You can access the other articles from the following links:
Part 4: Ops, Ops, Ops! and Final Word - You are reading this 😀
🛠 "Ops, Ops, Ops"
We finally reached the last part! I wanted to talk a bit about operations, especially the ones related to infrastructure and monitoring. Because now that you have the code and the tests, you need to host it somewhere and you want to make sure it continues to run well.
🌎 Have proper environments
We use several environments for our development process:
DEV to push the latest changes by the developers and do initial testing and validation.
STG to execute more complete tests (QA Regressions, Performance, Security, Reliability etc...) with a version of the code we would like to push to PRD.
PRD serving the application to the end-users.
Some teams may have more (like pre-release, alpha, beta etc...) but in our case those 3 are usually enough.
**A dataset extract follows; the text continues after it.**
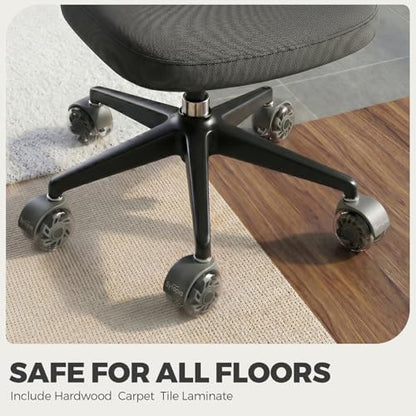 Office Chair Wheels Replacement, 2.5 Inch Universal Casters for Hardwood Floors & Carpet, Heavy Duty, Quiet, Scratch-Free, Fits Most Chairs, Easy Install, Set of 5,Light Grey - style: 2.5 inch-Light Grey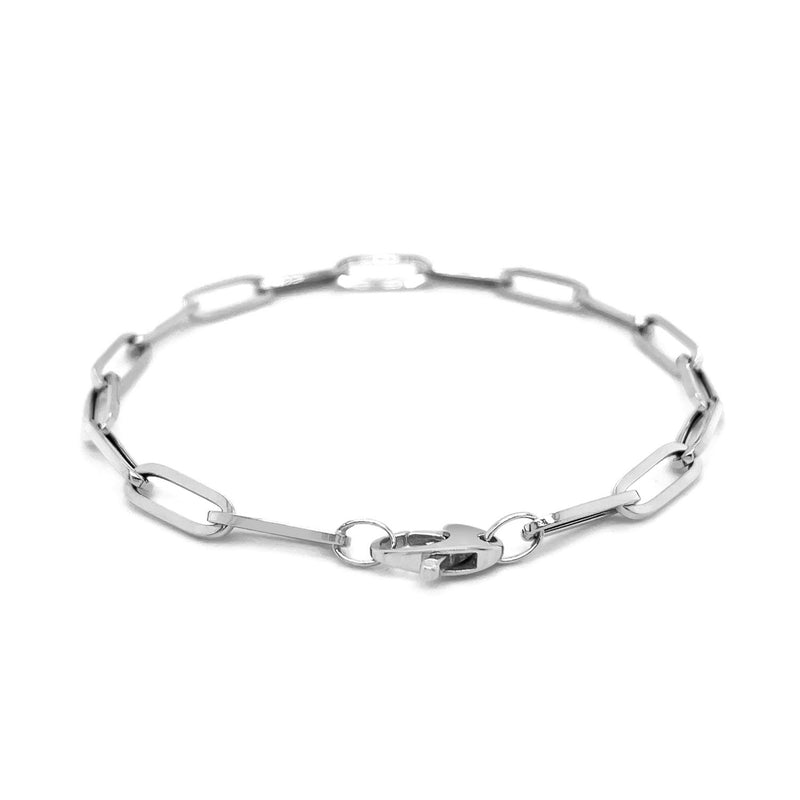 14K White Gold Bold Paperclip Chain Bracelet - 7.5'' - Apparel & Accessories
We are working with flexible Cloud infrastructure so not everything may be applicable to you but here are some properties of our environments:
-
Extensive of use automation and Infrastructure as Code. We have Shell scripts, dedicated deployment servers like Octopus Deploy and we make use of Terraform when possible.
- Creating environments manually has a LOT of pitfalls. It's difficult to repeat, more error-prone and it's easier to introduce inconsistencies. You can play around for prototyping with a sandbox environment but once you want to create a proper DEV, try to immediately automate as much as you can.
- Allows for easy thrashing and recreation of temporary environments that can be useful for some specific tasks or disaster recovery.
-
STG is as close as possible to PRD
- I have seen some STG environments that were totally different from their PRD counterparts. This defeats the purpose of STG altogether. It is supposed to "replicate" PRD so you can test with confidence before releasing. You end up having changes and operations that are PRD specific that cannot be tested and can lead to mistakes and ultimately downtime.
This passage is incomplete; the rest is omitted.